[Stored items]
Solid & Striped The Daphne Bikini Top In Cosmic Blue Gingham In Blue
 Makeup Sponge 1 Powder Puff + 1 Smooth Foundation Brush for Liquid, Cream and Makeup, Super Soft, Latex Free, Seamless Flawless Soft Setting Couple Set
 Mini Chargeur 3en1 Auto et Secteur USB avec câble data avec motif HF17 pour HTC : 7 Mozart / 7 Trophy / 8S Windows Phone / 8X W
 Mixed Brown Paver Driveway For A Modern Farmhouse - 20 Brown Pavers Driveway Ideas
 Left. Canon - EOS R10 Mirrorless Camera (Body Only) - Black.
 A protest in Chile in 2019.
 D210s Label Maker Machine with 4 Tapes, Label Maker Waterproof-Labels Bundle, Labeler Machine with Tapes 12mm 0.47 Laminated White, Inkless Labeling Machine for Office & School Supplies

### About this exercise
Each line from the one containing "Mixed Brown Paver" to the final line above should be written out exactly; please omit the others.

### Solution
 Mixed Brown Paver Driveway For A Modern Farmhouse - 20 Brown Pavers Driveway Ideas
 Left. Canon - EOS R10 Mirrorless Camera (Body Only) - Black.
 A protest in Chile in 2019.
 D210s Label Maker Machine with 4 Tapes, Label Maker Waterproof-Labels Bundle, Labeler Machine with Tapes 12mm 0.47 Laminated White, Inkless Labeling Machine for Office & School Supplies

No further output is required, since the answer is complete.